Volunteer TV's Kim Bedford takes us to West Town Mall where shoppers are saving and businesses are smiling.
No, it's not Christmas in April, rather, a one-time only sales tax holiday.
"It was worth coming out after working all night," Despite her lack of sleep, Jama Hinkle hit up West Town's Apple store. "I knew I wanted a notebook to go with my existing desktop, so I just waited until the tax-free weekend to save."
Hinkle's timing paid off and she saved quite a bit, "It's probably 100 bucks, maybe a little more than 100 bucks, actually."
"Wet Seale, American Eagle, Abercrombie," Teresa Lovell strategized her tax-free savings. "I brought my daughter out last night, so I made her go shop everywhere. We put everything on hold, so I'm coming back to get it while she's in school."
Picking up shoes, clothes, anything under $100, with the exception of computers under $1500.
"As retailers, we look forward to these types of weekends to help build, to make up for some of the times that we didn't do as well," says Melissa Nelson, from La Nique Shoe Store.
While the women are busy with their bargains, you'll find most men, like Jack McClain, on the couch. "I'm sitting, waiting on my wife to get ready to spend the rest of my monthly paycheck," he chuckles.
McClain's been waiting here almost two hours for his wife, but says it's worth it. "Prices go up, but our retirement checks stay the same, so anytime we get a break like this, awesome."
"According to the stores, I think we've saved about $56," Theresa says.

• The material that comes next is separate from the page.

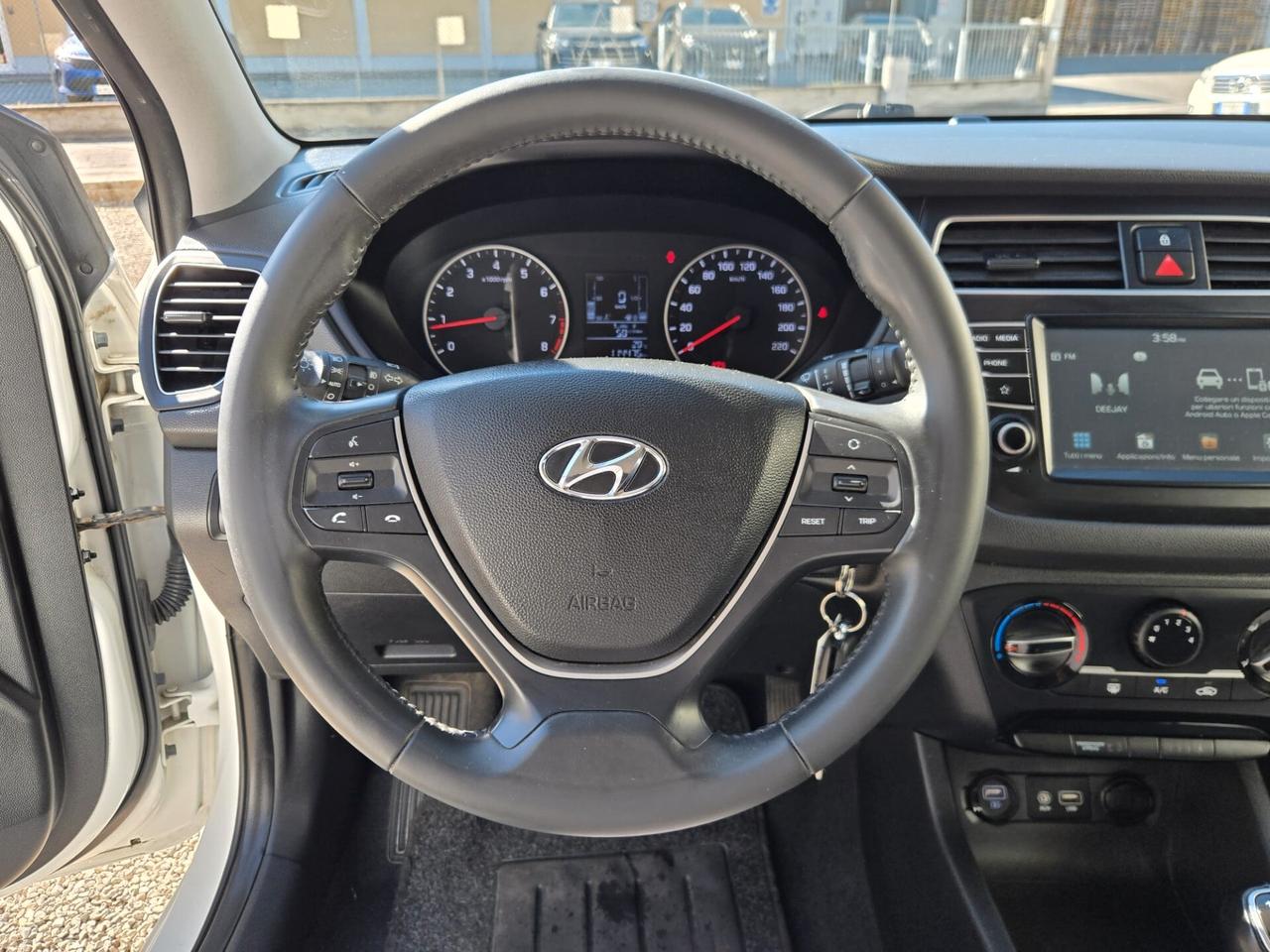 Hyundai i20 1.2 5 porte Tech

So what do you do with all the money you'll save this weekend?
"You could at least go out to eat a couple times for sure," Jama says.
"The money I've saved, I'm going to the grocery store," adds Theresa.
"A penny saved is a penny saved," says Melissa.
The sales tax holiday runs through Sunday at 11:59 p.m.
We had our first tax free weekend back in August. We're very fortunate for this holiday, for the longest time, Tennesseans had to go all the way to Georgia to shop tax-free.